10. Term and Termination.
10.1 Term.
Unless terminated in accordance with the provisions of Section 10.2 below, the term of this Agreement shall commence on the Effective Date and shall continue in effect thereafter until the fifth (5th) anniversary of the Commercial Launch of the Finished Product (the “Initial Term”). [***] prior to expiry of the Initial Term, the Parties will discuss whether they wish to terminate the Agreement at the expiration of the Initial Term- in which case a [***] notice period will apply- or extend the Term of this Agreement. If neither party is in default, in any material respect, of any of its obligations under this Agreement, then the term of this Agreement may be extended, upon mutual agreement of the parties, for renewal terms of one (1) year (or such other period of time as the parties may mutually agree) at the expiration of the initial term or any renewal term unless and until this Agreement is terminated by any party in accordance with the terms hereof. For the avoidance of doubt, this Agreement does not automatically renew.

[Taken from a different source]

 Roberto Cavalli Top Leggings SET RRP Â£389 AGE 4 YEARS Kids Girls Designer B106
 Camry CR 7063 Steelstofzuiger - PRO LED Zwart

10.2 Grounds for Termination.
(a) Either party shall have the right to terminate this Agreement upon the occurrence of any of the following events: (i) the failure of the other party to comply with any of the terms of this Agreement or otherwise discharge its duties hereunder [***], or the breach by the other party of any of its representations or warranties herein [***], if such failure or breach is not cured within [***] ([***]) days of such breaching party’s receipt of written notice specifying the nature of such failure or breach with particularity; or (ii) the making by the other party of an assignment for the benefit of its creditors, or the filing by or against such otherparty of any petition under any federal, state or local bankruptcy, insolvency or similar laws, if such filing has not been stayed or dismissed within [***] after the date thereof.
(b) OptiNose shall also have the right to suspend further performance under this Agreement and/or terminate this Agreement in its entirety, without liability except for unpaid previously delivered API that conforms with the terms hereof, if: (i) Hovione loses any approval(s) from the FDA required to perform its obligations under this Agreement or if Hovione is involved in felonious or fraudulent activities; or (ii) Hovione does not submit a Corrective And Preventive Action plan to the FDA within [***] ([***]) days of being notified of deficiencies as a result of an inspection
[***] Certain information in this document has been omitted and filed separately with the Securities and Exchange Commission. Confidential treatment has been requested with respect to the omitted portions.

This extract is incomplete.